08 de julho, de 2015 | 13:46

Romaria Ecológica movimenta o Perd

Tradicional cavalgada reunirá cerca de 600 cavaleiros na comemoração dos 71 anos do Parque Estadual do Rio Doce


A 22ª Romaria Ecológica Diocesana, parte das comemorações dos 71 anos do Parque Estadual do Rio Doce (PERD), será no próximo sábado (11/7). A tradicional festa é marcada por cavalgada que parte das cidades de Dionísio, Marliéria e Timóteo, com um percurso de até 40 quilômetros até o parque.

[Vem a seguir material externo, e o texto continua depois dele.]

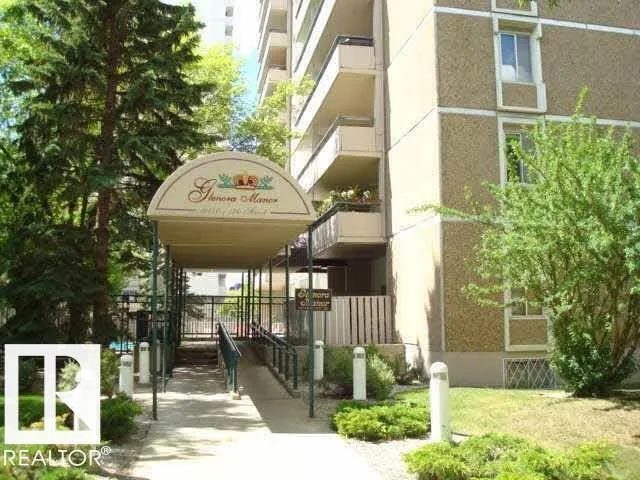 #102 10140 120 ST NW, Edmonton, Alberta T5K1Z8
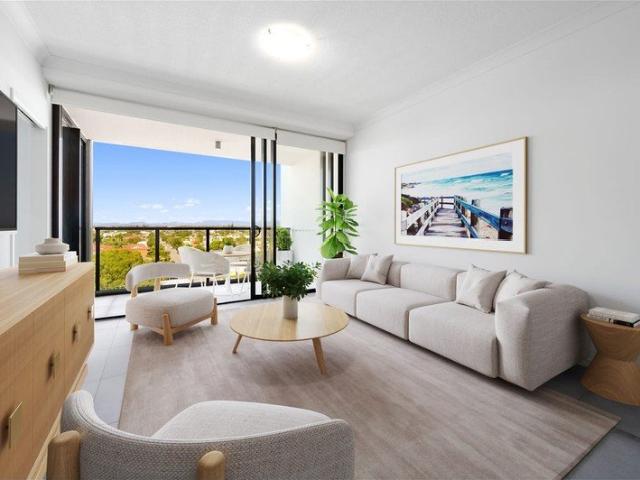 Fresh & Bright 2 Bedroom Apartment with Hinterland & Coastal views!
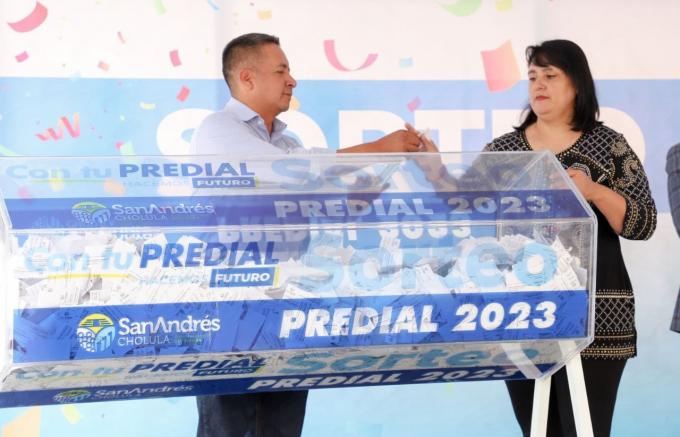 Encabeza Edmundo Tlatehui el Sorteo Predial 2023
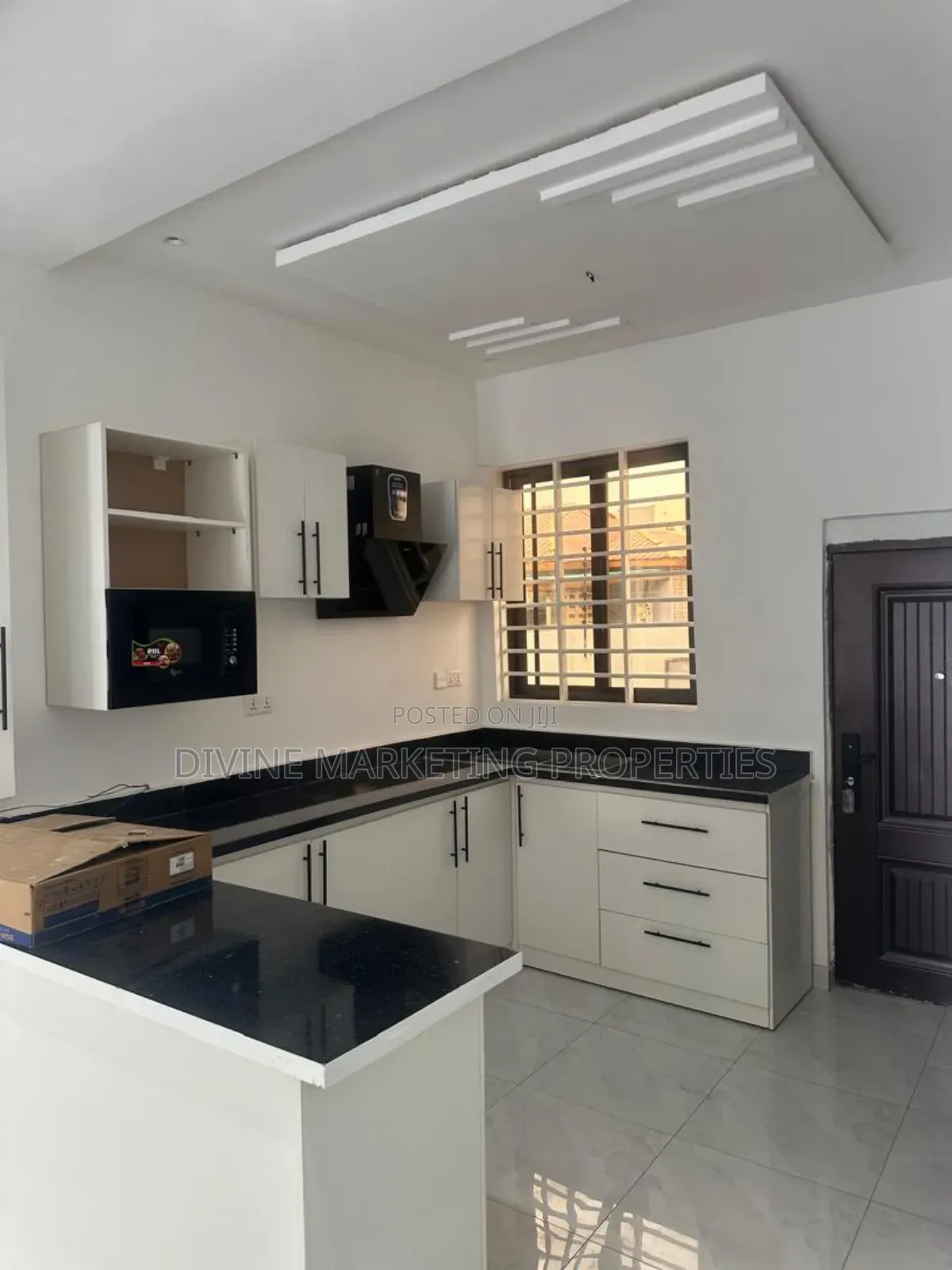4bdrm House in Nmai Dzorn Melcom for sale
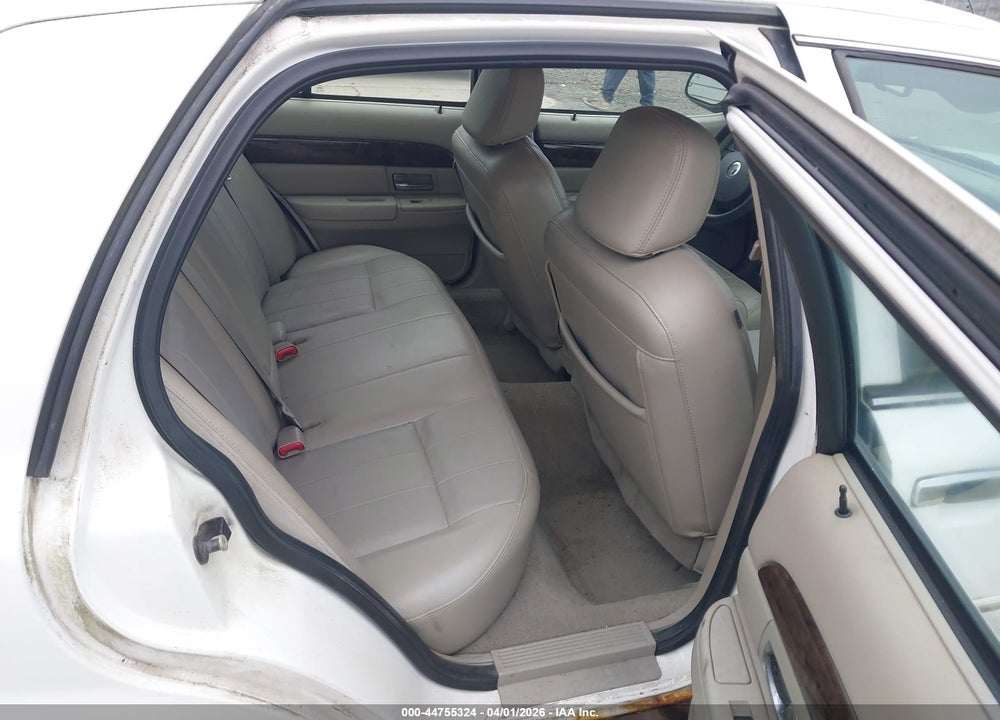 2010 MERCURY GRAND MARQUIS LS (FLEET ONLY) VIN: 2MEBM7FV0AX630563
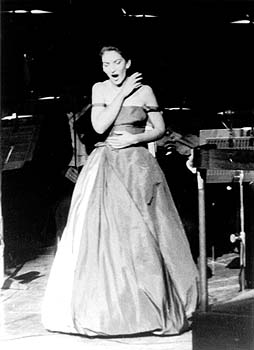 tr7_06.jpg (18141 bytes)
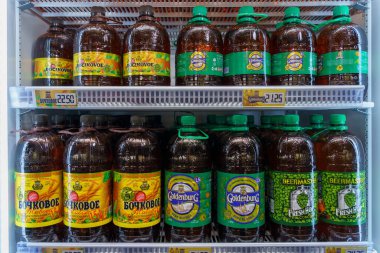 4 Mayıs 2022 Beltsy, Moldova. Resimli editör kullanımı için. Bira dükkanı olan buzdolabı.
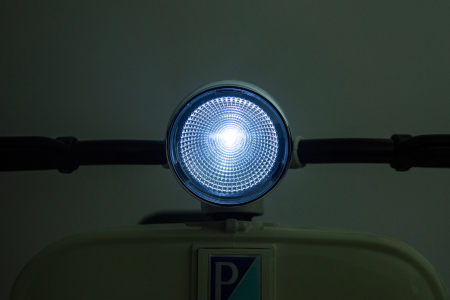 Scuter electric cu atasament Piaggio VESPA 150 VL1T 110W 12V 10Ah, culoare Bej [39]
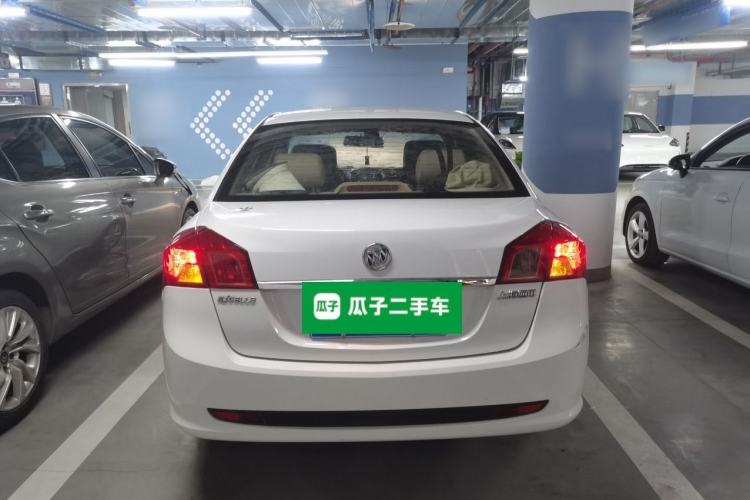 Used Buick Excelle 2013 1.5L Manual Classic Model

Na reserva ambiental, os tropeiros se encontram para celebração da missa em homenagem ao bispo Dom Helvécio, fundador da Unidade de Conservação. A romaria relembra o ato de Dom Helvécio que levava, a cavalo, a imagem da protetora do Perd, Nossa Senhora da Saúde, pela estrada de Marliéria até o parque.

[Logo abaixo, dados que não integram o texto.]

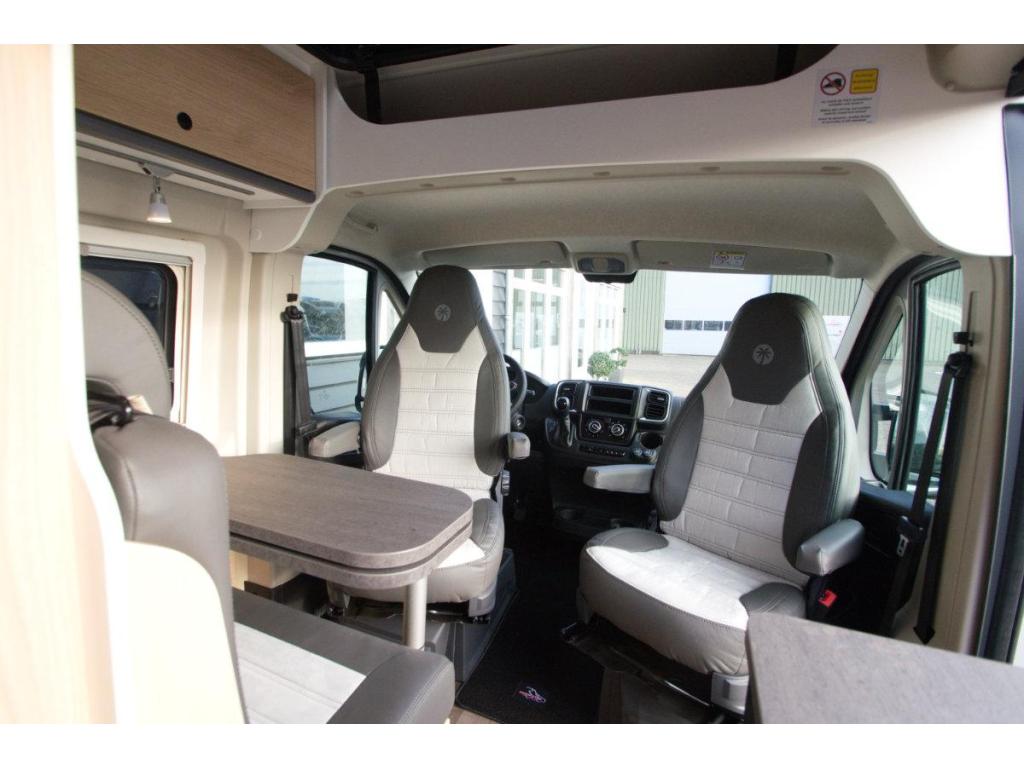 Sunlight Cliff 602 RT buscamper, Caravans en Kamperen, Chemisch toilet, Sunlight, Fiat, Bedrijf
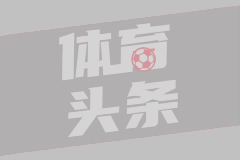 男子过“一线天”被卡 肚子磨破皮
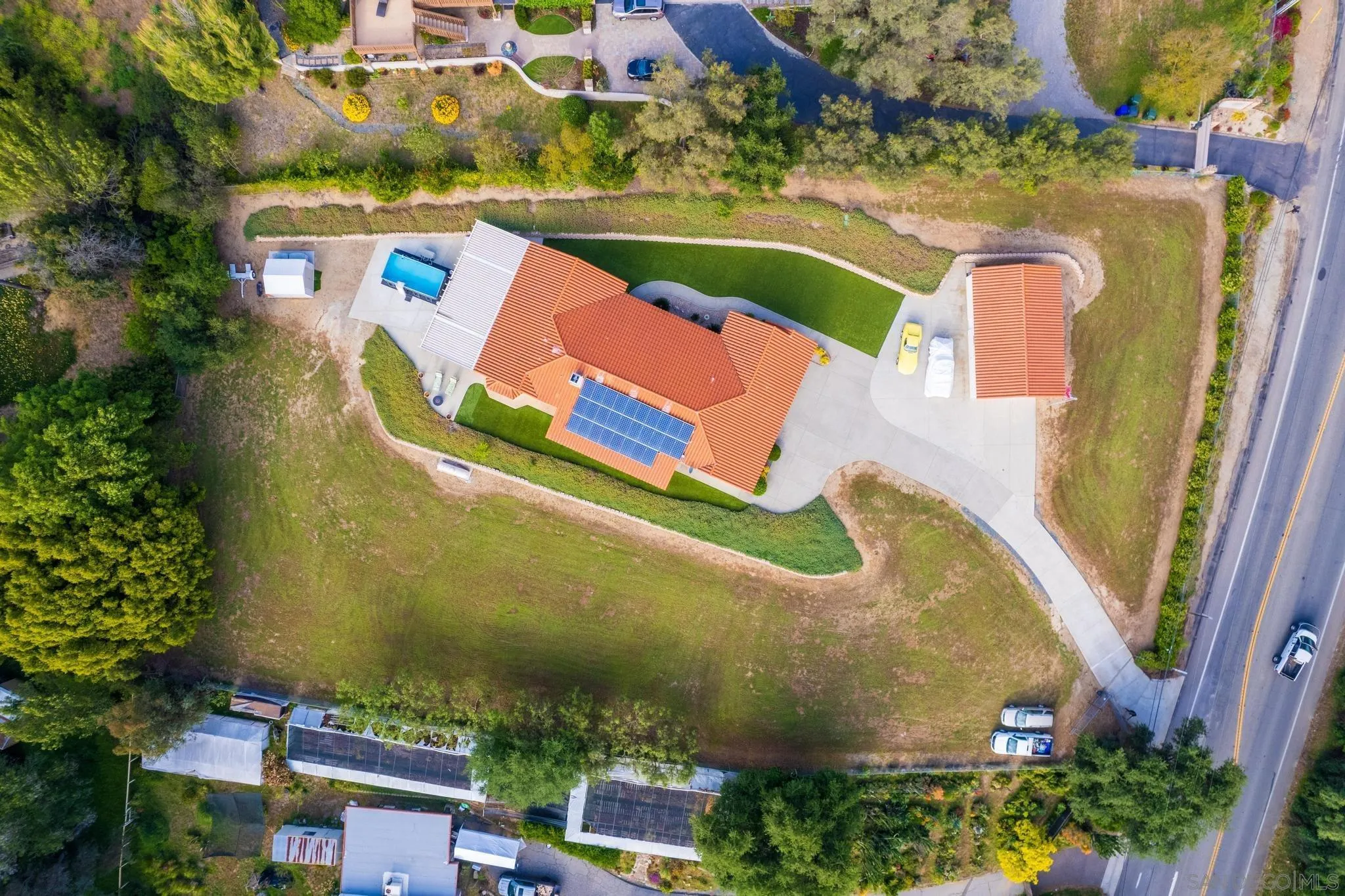 2320 E Mission Road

A bióloga Mirlaine Soares de Barros, coordenadora de Pesquisas Científicas do parque, informa que o objetivo é manter viva a tradição e repassar para atual geração o esforço de Dom Helvécio para a criação do parque e envolver a comunidade na proteção de uma das maiores áreas contínuas de Mata Atlântica. A celebração diocesana mobiliza as comunidades do entorno do parque e são esperadas mais de 2 mil pessoas, 600 só na cavalgada.

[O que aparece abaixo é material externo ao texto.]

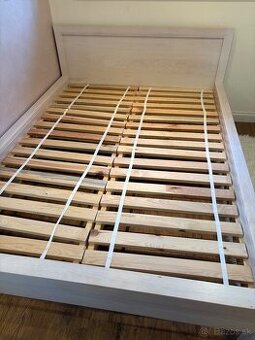 Biela drevena postel 140x200cm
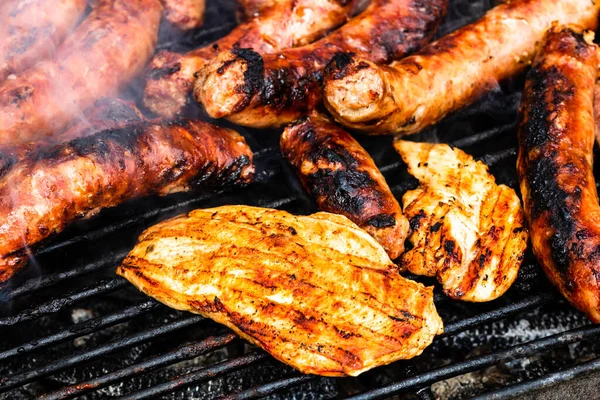 Yapımı Tavuk Domuz Bifteği Izgarada Sosis Detaylarını Kapat Barbekü Izgara — Stok fotoğraf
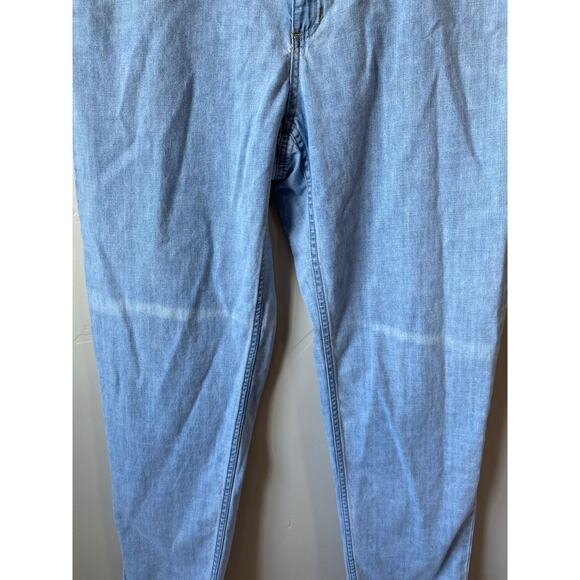 Liz Clairborne Classic Fit 100% Cotton Light Wash High Rise Mom Jeans- Size 14 - Picture 2 of 8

José Geraldo Torres, comerciante em Timóteo, participa todo ano da Romaria Ecológica. Entusiasta das cavalgadas, ele conta que ir até o parque a cavalo é como um “retorno às raízes”. “É um momento que nos leva a prestar mais atenção na natureza, além da confraternização com amigos”, afirma.

Durante o percurso, com duração de cerca de 6 horas, os cavaleiros têm pontos de parada para descanso, onde são servidos tropeiro, água, café e refrigerante. Além da romaria, a programação dos 71 anos do Perd inclui feira de artesanato e produtos típicos da região e apresentações musicais. 
Evandro Rodney


romaria ecológica


História

O Parque Estadual do Rio Doce foi criado no dia 14 de julho de 1944 em função da presença do ecossistema Mata Atlântica e de sua rica biodiversidade, apresentando várias espécies ameaçadas de extinção, como o jacaré do papo amarelo, onça pintada, mono-carvoeiro e o mutum do sudeste.

Na década de 30, o bispo de Mariana, Dom Helvécio Gomes de Oliveira, preocupado com a grande exploração da floresta pelas empresas siderúrgicas, registrou no livro de tombos da Arquidiocese de Mariana a área do parque com o objetivo de preservá-la.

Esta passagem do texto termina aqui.